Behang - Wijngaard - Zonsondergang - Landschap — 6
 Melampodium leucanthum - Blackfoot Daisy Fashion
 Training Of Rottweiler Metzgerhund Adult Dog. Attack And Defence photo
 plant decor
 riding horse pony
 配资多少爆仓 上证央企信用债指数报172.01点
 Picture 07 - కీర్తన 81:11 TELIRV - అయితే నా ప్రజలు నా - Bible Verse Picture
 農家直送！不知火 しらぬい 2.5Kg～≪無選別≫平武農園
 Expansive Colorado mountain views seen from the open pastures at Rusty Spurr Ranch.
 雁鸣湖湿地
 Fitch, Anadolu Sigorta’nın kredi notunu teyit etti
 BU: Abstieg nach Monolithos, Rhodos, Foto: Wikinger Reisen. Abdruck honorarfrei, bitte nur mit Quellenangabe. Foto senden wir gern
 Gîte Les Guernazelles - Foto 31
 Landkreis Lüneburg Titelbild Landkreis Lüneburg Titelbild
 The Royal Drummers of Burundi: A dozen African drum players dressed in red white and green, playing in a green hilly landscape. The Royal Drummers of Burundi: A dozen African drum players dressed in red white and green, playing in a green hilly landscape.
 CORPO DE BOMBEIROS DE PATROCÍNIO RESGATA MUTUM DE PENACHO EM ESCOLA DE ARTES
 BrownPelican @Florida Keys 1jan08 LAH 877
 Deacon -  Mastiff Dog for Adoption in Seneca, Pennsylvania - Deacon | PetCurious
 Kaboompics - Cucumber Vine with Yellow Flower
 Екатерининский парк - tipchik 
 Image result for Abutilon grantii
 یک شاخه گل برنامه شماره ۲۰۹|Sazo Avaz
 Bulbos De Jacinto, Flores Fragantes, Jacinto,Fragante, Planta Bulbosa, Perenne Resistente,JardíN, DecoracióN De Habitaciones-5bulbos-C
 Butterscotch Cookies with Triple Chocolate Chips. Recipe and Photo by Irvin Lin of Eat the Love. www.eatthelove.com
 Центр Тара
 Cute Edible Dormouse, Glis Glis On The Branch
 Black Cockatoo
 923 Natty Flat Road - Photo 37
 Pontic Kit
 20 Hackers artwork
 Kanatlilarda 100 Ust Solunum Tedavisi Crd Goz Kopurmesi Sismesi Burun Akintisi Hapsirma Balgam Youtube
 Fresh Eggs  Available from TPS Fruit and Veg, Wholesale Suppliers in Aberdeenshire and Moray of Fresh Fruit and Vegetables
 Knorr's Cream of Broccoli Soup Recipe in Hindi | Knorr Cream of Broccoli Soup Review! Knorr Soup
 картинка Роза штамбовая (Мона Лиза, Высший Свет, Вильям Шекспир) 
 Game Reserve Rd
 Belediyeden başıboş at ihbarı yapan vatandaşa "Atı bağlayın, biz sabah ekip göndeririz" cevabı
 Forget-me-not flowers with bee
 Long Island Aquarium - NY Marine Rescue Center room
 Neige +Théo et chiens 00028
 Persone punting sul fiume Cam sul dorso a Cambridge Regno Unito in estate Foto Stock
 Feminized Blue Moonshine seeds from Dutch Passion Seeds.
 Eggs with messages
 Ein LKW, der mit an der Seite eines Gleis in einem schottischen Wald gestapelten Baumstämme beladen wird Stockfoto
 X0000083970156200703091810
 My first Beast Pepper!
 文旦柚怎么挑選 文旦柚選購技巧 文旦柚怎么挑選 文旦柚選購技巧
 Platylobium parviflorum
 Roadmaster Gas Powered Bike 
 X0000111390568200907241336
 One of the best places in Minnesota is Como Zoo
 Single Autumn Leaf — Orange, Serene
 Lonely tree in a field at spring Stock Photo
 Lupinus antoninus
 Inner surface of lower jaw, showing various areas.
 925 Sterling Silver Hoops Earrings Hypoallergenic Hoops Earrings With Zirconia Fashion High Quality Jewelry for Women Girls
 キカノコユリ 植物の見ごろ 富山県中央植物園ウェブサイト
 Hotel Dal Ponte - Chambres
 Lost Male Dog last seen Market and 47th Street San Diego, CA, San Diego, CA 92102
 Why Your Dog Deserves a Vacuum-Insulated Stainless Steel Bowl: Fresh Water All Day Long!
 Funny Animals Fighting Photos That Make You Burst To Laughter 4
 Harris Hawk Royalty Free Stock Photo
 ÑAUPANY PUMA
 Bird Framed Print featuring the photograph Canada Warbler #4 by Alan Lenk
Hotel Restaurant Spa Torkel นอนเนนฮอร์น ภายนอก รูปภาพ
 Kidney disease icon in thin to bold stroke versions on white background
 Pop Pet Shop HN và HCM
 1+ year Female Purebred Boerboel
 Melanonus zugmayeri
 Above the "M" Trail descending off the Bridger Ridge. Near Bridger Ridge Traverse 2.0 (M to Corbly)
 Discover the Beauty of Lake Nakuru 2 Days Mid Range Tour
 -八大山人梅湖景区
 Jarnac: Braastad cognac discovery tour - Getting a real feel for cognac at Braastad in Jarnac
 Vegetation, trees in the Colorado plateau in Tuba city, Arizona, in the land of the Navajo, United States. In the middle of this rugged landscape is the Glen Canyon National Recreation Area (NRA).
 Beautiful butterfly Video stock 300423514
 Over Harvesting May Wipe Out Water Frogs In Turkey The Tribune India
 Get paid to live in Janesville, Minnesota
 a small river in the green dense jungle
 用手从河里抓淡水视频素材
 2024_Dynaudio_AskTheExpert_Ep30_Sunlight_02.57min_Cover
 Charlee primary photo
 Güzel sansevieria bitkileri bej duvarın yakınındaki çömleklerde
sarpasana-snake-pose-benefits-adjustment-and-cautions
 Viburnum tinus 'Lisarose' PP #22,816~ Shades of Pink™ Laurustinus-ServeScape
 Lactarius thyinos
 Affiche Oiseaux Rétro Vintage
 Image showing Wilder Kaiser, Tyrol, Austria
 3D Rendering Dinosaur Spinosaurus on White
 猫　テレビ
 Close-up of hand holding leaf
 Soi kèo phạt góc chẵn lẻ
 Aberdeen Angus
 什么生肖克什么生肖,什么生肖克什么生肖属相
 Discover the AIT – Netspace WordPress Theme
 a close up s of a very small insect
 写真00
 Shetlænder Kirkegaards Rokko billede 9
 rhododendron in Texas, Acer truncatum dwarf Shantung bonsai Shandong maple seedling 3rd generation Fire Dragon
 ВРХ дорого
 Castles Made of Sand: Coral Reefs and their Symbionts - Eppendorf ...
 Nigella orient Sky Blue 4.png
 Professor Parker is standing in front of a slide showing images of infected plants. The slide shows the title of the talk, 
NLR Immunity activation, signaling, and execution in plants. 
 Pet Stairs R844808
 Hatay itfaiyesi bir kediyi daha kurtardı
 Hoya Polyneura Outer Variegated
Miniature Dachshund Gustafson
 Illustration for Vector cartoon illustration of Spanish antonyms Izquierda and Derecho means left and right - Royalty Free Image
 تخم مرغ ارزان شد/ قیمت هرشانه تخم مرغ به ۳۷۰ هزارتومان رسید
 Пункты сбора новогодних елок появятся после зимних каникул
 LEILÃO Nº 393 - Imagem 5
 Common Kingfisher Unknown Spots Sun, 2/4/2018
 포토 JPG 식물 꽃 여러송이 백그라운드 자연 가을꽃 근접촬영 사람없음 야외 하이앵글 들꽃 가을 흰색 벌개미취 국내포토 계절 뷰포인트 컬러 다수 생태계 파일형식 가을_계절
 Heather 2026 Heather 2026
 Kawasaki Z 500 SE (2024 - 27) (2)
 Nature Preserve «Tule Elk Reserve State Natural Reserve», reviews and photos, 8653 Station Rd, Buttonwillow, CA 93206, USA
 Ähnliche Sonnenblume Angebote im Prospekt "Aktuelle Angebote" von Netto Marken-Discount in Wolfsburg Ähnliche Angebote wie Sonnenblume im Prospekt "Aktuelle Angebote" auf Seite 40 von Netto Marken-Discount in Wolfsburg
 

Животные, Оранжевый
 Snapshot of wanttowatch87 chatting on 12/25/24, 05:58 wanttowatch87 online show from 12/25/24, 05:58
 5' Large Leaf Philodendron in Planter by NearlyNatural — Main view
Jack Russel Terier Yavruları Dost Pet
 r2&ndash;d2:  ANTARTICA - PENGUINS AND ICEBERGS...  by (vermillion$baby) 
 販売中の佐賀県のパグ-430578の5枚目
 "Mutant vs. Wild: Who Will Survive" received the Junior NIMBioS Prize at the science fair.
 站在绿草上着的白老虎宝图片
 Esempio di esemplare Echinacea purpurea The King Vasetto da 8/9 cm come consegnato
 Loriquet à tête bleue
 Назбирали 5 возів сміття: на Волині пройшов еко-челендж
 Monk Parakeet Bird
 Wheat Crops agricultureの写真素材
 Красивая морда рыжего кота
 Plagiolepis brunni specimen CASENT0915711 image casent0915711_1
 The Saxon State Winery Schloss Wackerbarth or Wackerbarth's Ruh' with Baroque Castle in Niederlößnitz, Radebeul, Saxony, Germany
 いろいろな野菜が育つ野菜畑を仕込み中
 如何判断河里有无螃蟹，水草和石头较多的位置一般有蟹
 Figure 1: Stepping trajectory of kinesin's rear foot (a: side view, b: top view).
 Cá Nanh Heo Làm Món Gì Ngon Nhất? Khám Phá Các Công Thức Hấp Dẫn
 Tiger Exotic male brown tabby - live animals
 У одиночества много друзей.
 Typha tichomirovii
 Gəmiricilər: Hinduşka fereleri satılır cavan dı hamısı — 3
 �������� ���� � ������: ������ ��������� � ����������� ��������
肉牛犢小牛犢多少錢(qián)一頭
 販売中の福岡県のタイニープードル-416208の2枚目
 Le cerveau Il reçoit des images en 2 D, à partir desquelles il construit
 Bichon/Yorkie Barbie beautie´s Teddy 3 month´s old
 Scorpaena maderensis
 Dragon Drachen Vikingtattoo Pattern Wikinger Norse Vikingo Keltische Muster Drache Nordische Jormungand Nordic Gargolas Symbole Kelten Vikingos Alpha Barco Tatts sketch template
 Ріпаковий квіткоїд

## Work item
Would you return, unchanged, the lines from the one containing "Tiger Exotic male brown tabby - live animals" through the end of the entries?

## Result
 Tiger Exotic male brown tabby - live animals
 У одиночества много друзей.
 Typha tichomirovii
 Gəmiricilər: Hinduşka fereleri satılır cavan dı hamısı — 3
 �������� ���� � ������: ������ ��������� � ����������� ��������
肉牛犢小牛犢多少錢(qián)一頭
 販売中の福岡県のタイニープードル-416208の2枚目
 Le cerveau Il reçoit des images en 2 D, à partir desquelles il construit
 Bichon/Yorkie Barbie beautie´s Teddy 3 month´s old
 Scorpaena maderensis
 Dragon Drachen Vikingtattoo Pattern Wikinger Norse Vikingo Keltische Muster Drache Nordische Jormungand Nordic Gargolas Symbole Kelten Vikingos Alpha Barco Tatts sketch template
 Ріпаковий квіткоїд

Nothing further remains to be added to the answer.